An acre foot of water is enough to cover an acre of land with one foot of water, or 325,853.3 gallons. To put that number into perspective, the typical four-person household in Denver annually uses about 70,000 gallons.
Last week, Cox issued an executive order anticipating drought conditions to persist in Utah.
Utah’s declaration was made based on snowpack and reservoir levels, precipitation and temperature outlooks, Kim Wells, spokesperson for the Utah Department of Natural Resources, said in an email.

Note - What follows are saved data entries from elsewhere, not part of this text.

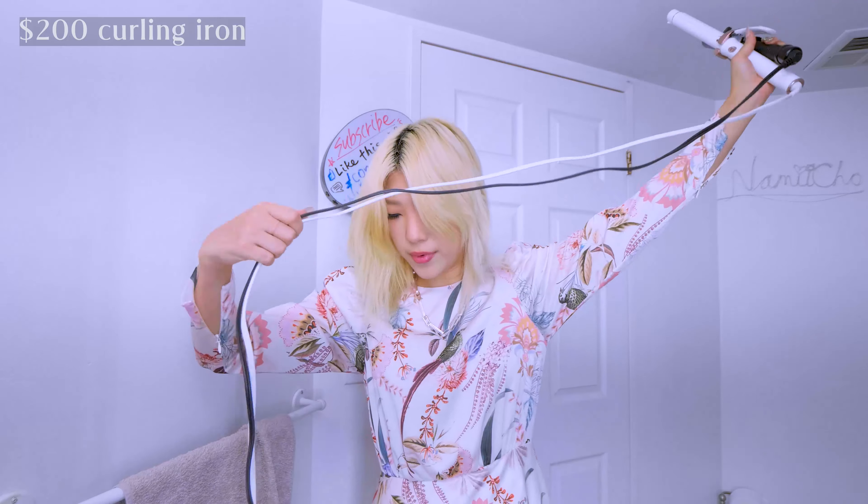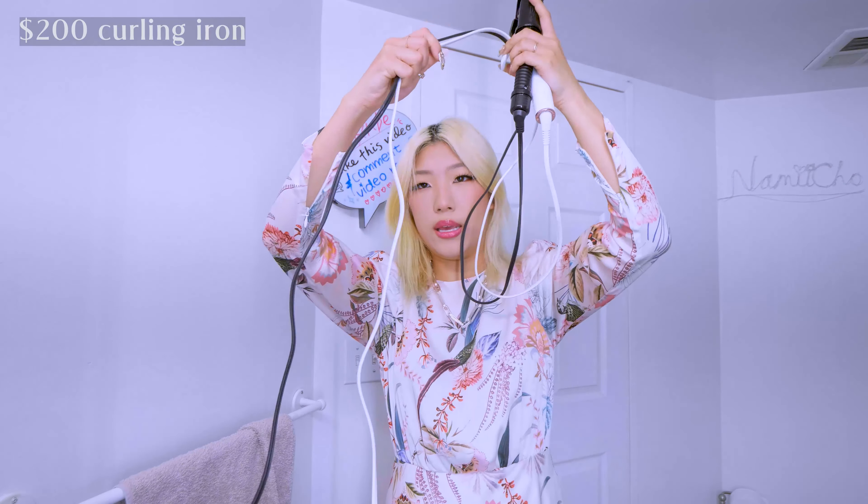Hi, it's Nami. In my last hair tools comparison video I did hair straighteners, which you can find over here. Today we're going to be talking about my different hair curlers. I have a $20 hair curler, a $200 hair curler, and a $500 hair curler — it's actually $550 for the whole set, but there are different packages available.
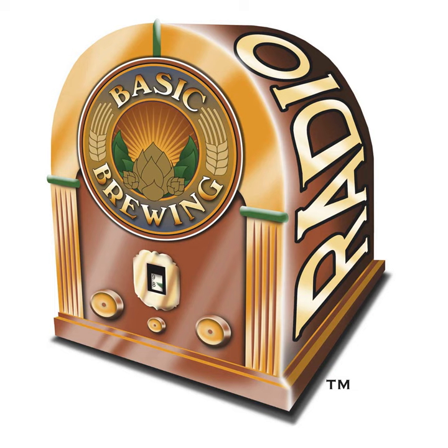Welcome to Basic Brewing Radio for Thursday, January 26th, 2023. I'm James Spencer. Here at Basic Brewing Radio, we're all about homebrewing. This week, Chris Colby, author of the Homebrew Recipe Bible and editor of BeerAndGardeningJournal.com, joins me to formulate two recipes for amber lagers.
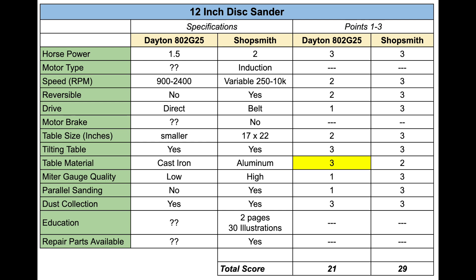That price could be pre-pandemic for all I know — it might be closer to $2,000 today — but we'll go with this sander and this price to be as fair as possible. It is variable speed, but the Shopsmith has a greater variable speed range, so I'm giving the Shopsmith an extra point there. It's also not reversible, while the Shopsmith does reverse direction, so I'm giving the Shopsmith an extra point there as well. The only area where the Dayton beats the Shopsmith is in table material — it has a cast iron table compared to the Shopsmith's aluminum table.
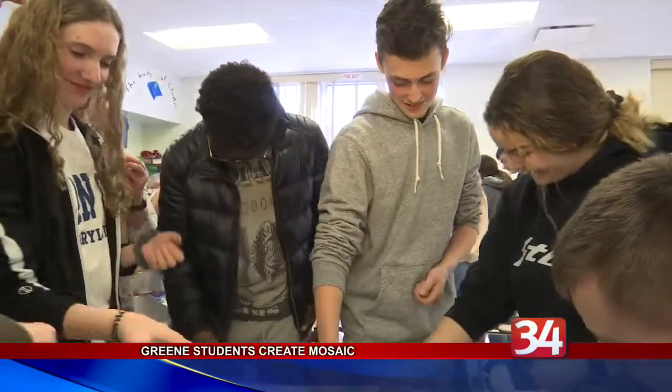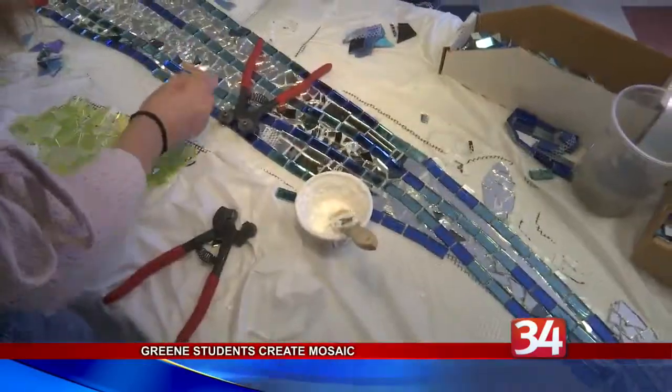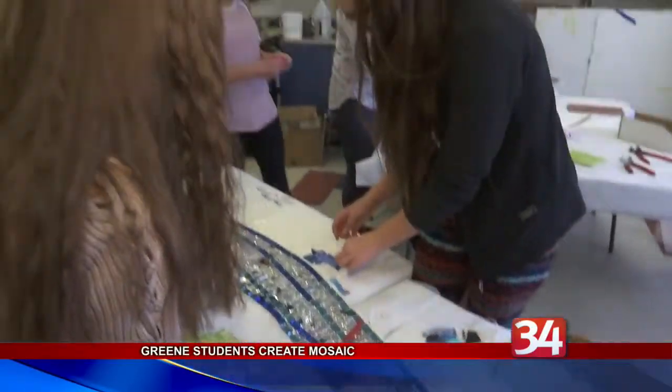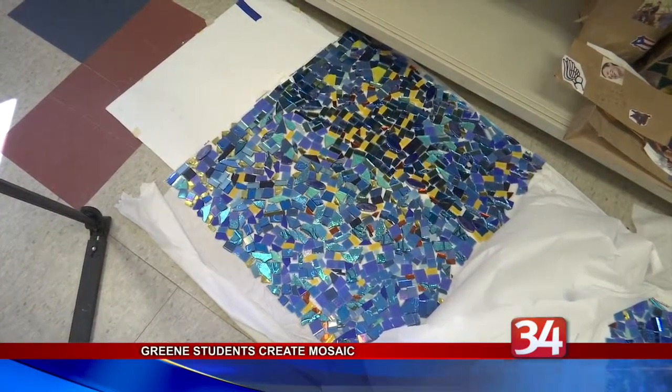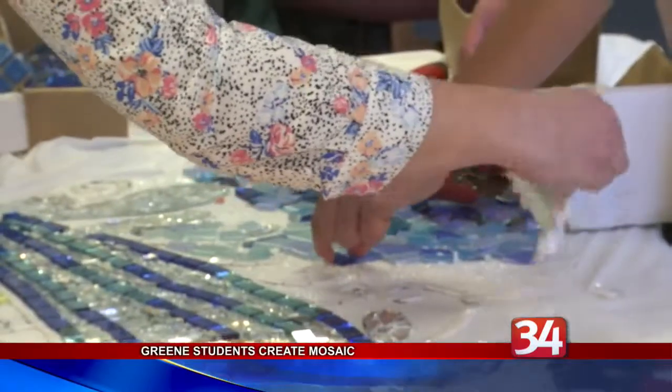Jablon says this is the first time that she's worked with students from a largely rural area, and she's thoroughly enjoyed it. She's affectionately dubbed them the Nipper Snappers. An official unveiling is scheduled for May 23rd.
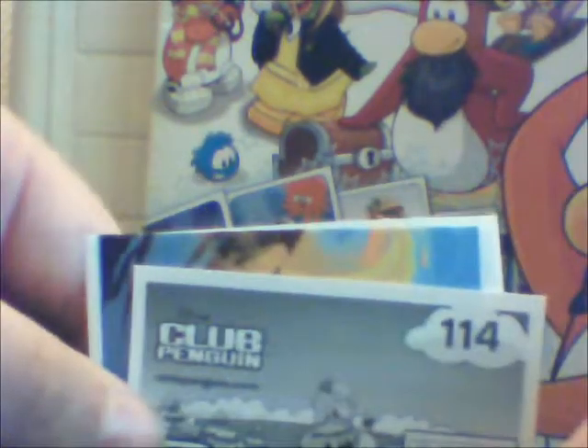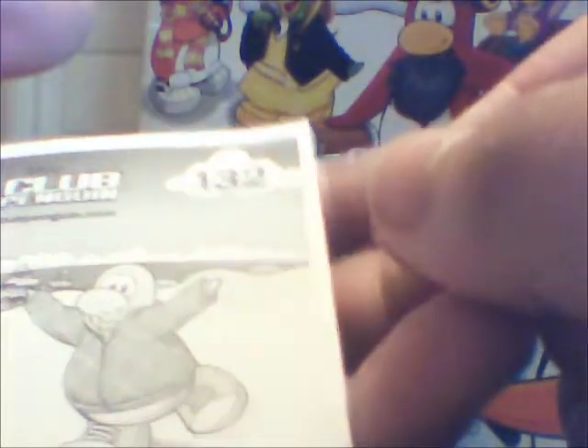We've got a penguin with an accordion, which is number 41. We've got Captain Rockhopper, and I think Antarctic is there with a dragon or something — that's number 114, and it's got a free code there. We've got a gypsum one, that's half a sticker, which is number 131. Then we've got a weird traveler guy, number 111. Last but not least, we've got another water jitsu one, number 132. These actually come off really easily.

The designation opens the possibility of accessing state emergency funds.
While Colorado draws water from multiple river basins, the Colorado River system remains the state’s largest source of surface water and supplies communities, farms and industries throughout the West.
The Colorado River is critical to both states.
About 40% of Colorado’s water originates in the Colorado River Basin, while roughly 80% of Utah’s water supply comes from the basin.
The Colorado River is managed by a seven-state compact signed in 1922.
No other state in the compact has declared such an emergency — yet.
But other states are responding.
New Mexico Gov. Michelle Lujan Grisham issued a formal statewide drought declaration that recognizes severe drought conditions, mobilizes state agencies and encourages local conservation measures. But it leaves most water-use restrictions to local governments.
Wyoming does not require water users to reduce their use unless required to satisfy interstate obligations, but municipalities are implementing water restrictions.
“We are also curtailing water use to satisfy our interstate Compact or Decree obligations in three separate basins,” Amy Edmonds, spokesperson for Wyoming Gov. Mark Gordon, said in an email. “If conditions do not improve, more water users may be curtailed to satisfy senior rights.”
Despite years of a stubborn and widespread drought, shrinking Colorado River supplies and record-low snowpack this year, the Utah declaration still relies heavily on voluntary conservation messaging, rather than mandatory statewide reductions.
“We can’t control the weather, but we can control the tap,” Cox said in a statement last week. “Utahns have always stepped up in difficult seasons, and I’m confident we will again.”
About three-fourths of residents in Colorado and Utah are living in drought conditions, according to the U.S. Drought Monitor.
Roughly 2.7 million people in Utah live in drought conditions. That number in Colorado is 4.6 million.